Mark Earls
“Oh to be at the beginning again, knowing almost nothing.” Tom Stoppard, Arcadia
Now is a very exciting time to be in marketing and market research. It seems we are in the middle of a reset, a reboot, a reinvention of methods and models like none before. Increasing numbers of practitioners are participating in a dizzy dance of innovation and reworking.
But this reinvention of market research is not merely the product of what the shiny new technologies enable us to do (mobile is an example well known to Research World readers). Rather, it is happening because many of the ideas and working assumptions our community has relied on for generations to animate our research methods – and the intellectual frameworks used to interpret the data we collect – are being challenged by a singularly rapid explosion of insight from the behavioural and cognitive sciences and a popular interest in what these academic disciplines are telling us about ourselves.

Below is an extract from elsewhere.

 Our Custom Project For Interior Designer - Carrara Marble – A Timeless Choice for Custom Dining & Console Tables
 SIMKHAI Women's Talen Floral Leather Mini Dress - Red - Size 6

It’s a little like the early years of modern medicine. At the beginning of the 20th century, it was still possible to find practices endorsed in medical textbooks that we have long since rejected – blood-letting being one very dramatic example.
Clearly, blood-letting is no longer widely practised – most of us would run a mile from any doctor who recommended it – but its decline seems to have been driven less by a thorough analysis of its efficacy as treatment (it’s often difficult to do this patient by patient, case by case – modern medical science still struggles with it) than by broader changes in the understanding of how human physiology works. Challenges to the ideas and assumptions in medicine have been brought about by huge amounts of work done elsewhere in the medical forest.

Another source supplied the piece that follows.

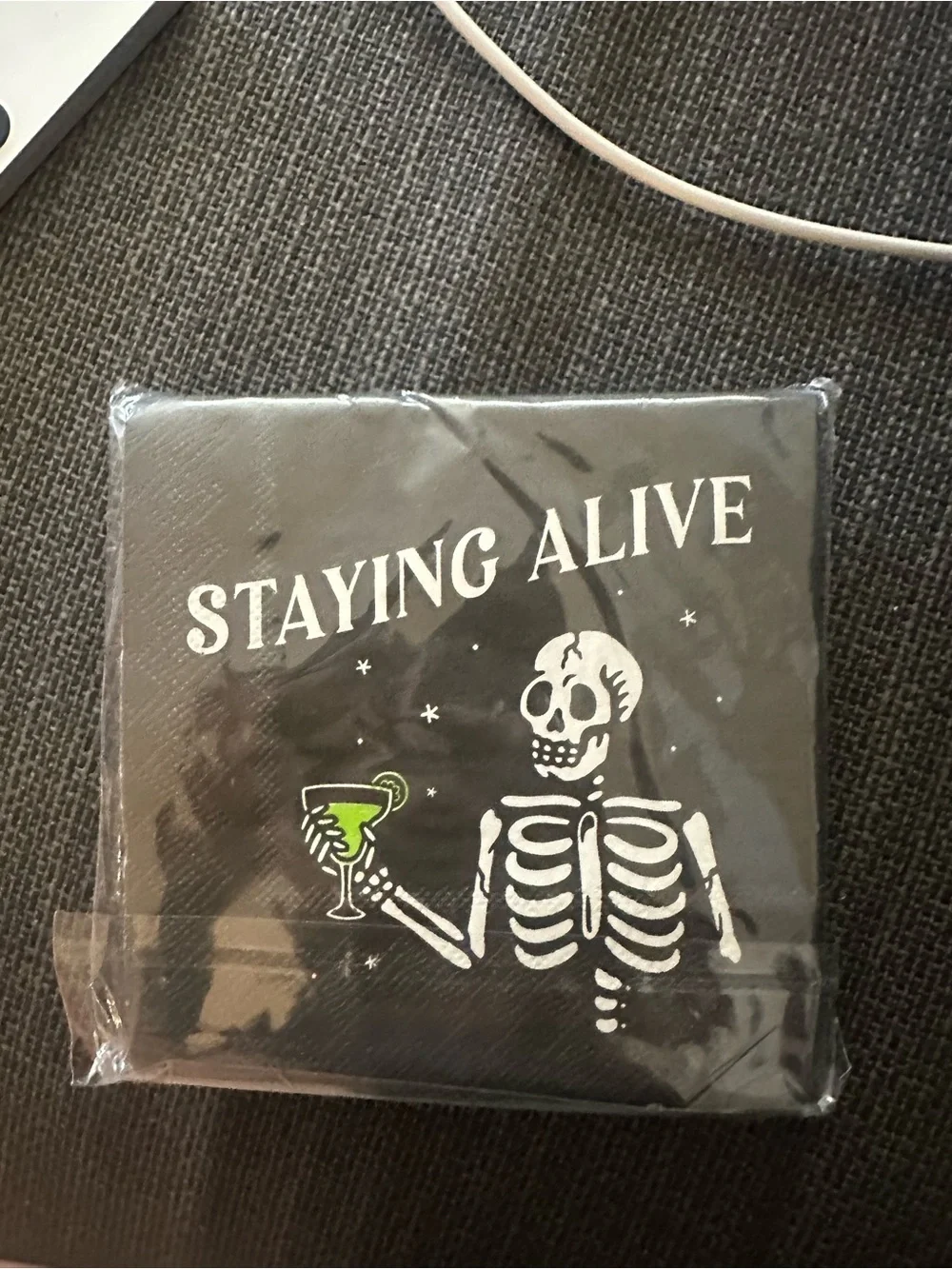 NWT “Staying Alive” Skeleton Over the Hill 40th Birthday Halloween Napkins $30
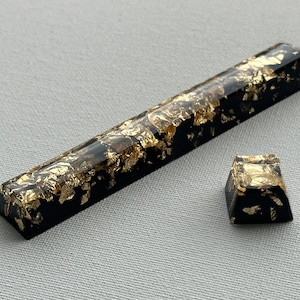 Black & Gold KeyCaps - More Sizes - Artisan glossy arrow keys, ESC 1u, Spacebar 6.25u 1.75u Mechanical Keyboards OEM profile, MX support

Blood-letting made sense within the confines of the Galenic model which had dominated European medicine for nearly two millennia. Its theoretical justification was grounded in the widely accepted notion that human bodies and minds are rooted in four different substances (the “humours”). In medieval medicine, for example, much illness was seen as a result of imbalance between these substances, and that’s why you needed to “leech” or drain the blood of your patient. However, against the background of modern medicine, blood-letting just seems odd and even barbaric.